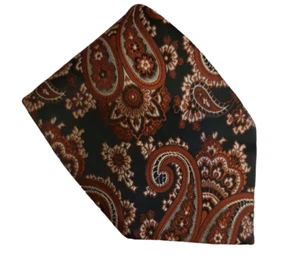 Paisley Embroidered Tie Green Classic Necktie Retro Boho Pointed Casual Formal - Picture 1 of 13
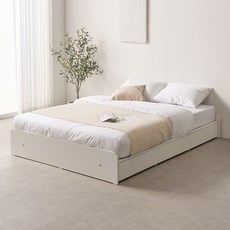 퍼니하우스 댈러스 3단 빅서랍 무헤드 수납침대 프레임 + 본넬 양면 매트리스 세트 SS/Q, 화이트(매트포함)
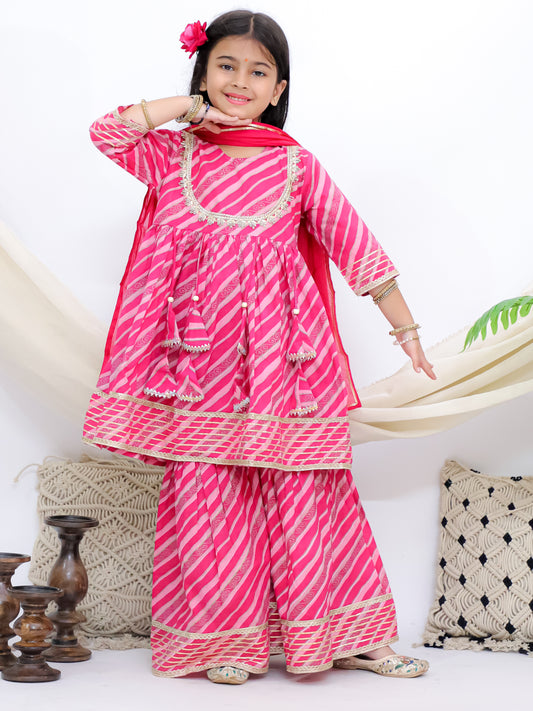 Sawan Leheriya Pink Girls Sharara Kurti With Mul Dupatta
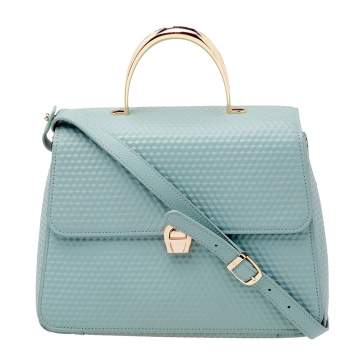 Pre Owned Aigner Mint Green Embossed Leather Genoveva Top Handle Bag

============

What to do –
Restate verbatim the lines that begin at the one holding "Sawan Leheriya Pink" and end at the last line of the material. Exclude pictures.

Your solution –
 Sawan Leheriya Pink Girls Sharara Kurti With Mul Dupatta
 Pre Owned Aigner Mint Green Embossed Leather Genoveva Top Handle Bag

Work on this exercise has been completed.